Hinn: the bitter and the sweet
There are two sides to every story; some people say three. And the just ended Benny Hinn crusade at the Wildey Gymnasium, last Saturday and Sunday, has elicited –– apart from the controversy before, during and after –– elicited at least two clear viewpoints.
There are even those in the church who, while throwing their full support behind the crusade and the unorthodox Pastor Hinn, still have some concerns about certain aspects of what had been billed a Miracle Healing Service And National Blessing.
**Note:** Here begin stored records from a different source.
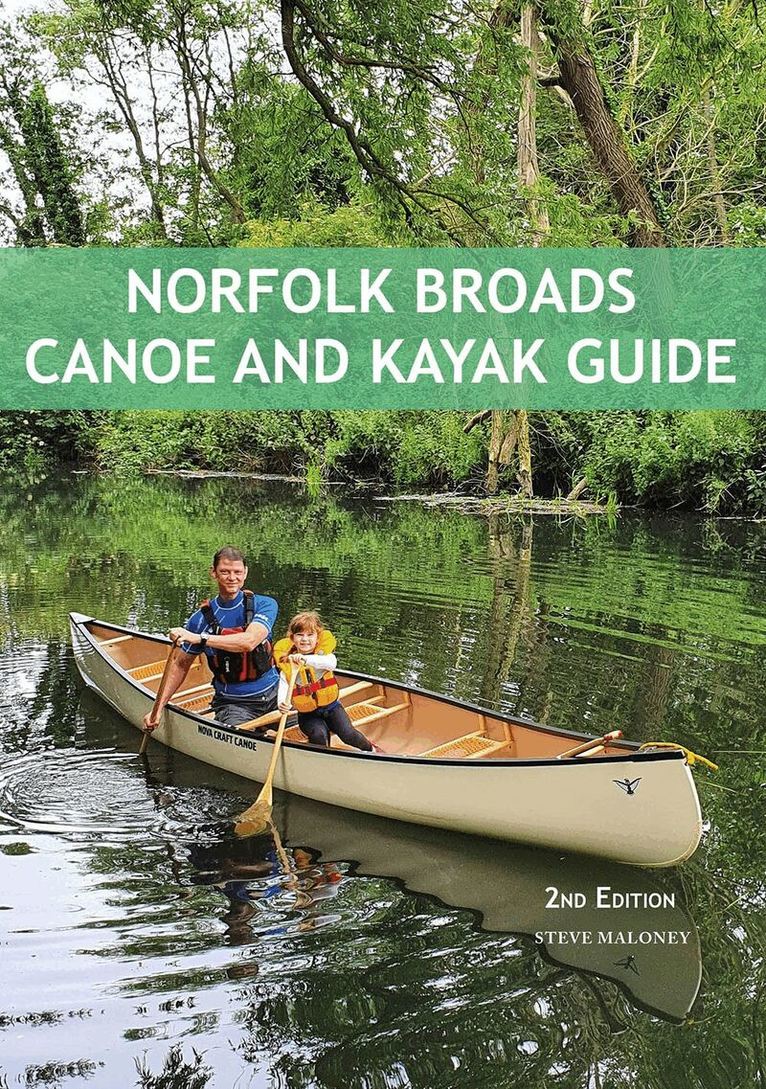 Steve Maloney - Norfolk Broads Canoe and Kayak Guide, Häftad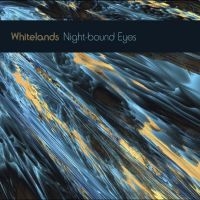 Whitelands - Night-Bound Eyes Are Blind To The D in the group OUR PICKS / Friday Releases / Friday The 23rd Of February 2024 at Bengans Skivbutik AB (5516771)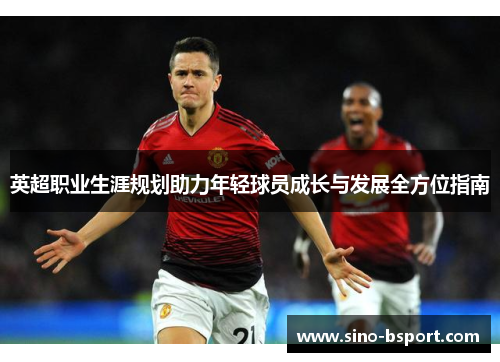 英超职业生涯规划助力年轻球员成长与发展全方位指南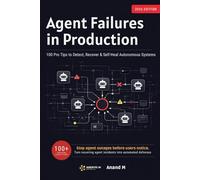 AGENT FAILURES IN PRODUCTION, 100 Pro Tips to Detect, Recover & Self-Heal Autonomous Systems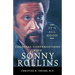 It's All Good, Colossal Conversations with Sonny Rollins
There are several questions which ought to be answered publicly, and some issues have left me disturbed about Hinn’s conduct and methods of carrying out his “healings”.
I know there are church people who don’t believe questions should be asked, for example, about the $300,000 spent to have this controversial American televangelist in Barbados. But I must ask: what Word did he bring which we have not heard before, or could not have been told by the same pastors who comprised the National Alliance Of Churches And Christian Organizations Of Barbados?
Couldn’t the alliance have taken that same money and conducted a miracle healing service and national blessing? Wouldn’t God have blessed the people or healed them? Or do we believe the Almighty reserves his power and favour for foreigners and the Benny Hinns of this world?
Healing comes only through the faith of a person that God will do the job. So all those who went to the Gymnasium expecting to be healed under the ministry of Hinn, I am just wondering whether or not they were exercising their faith in God before then?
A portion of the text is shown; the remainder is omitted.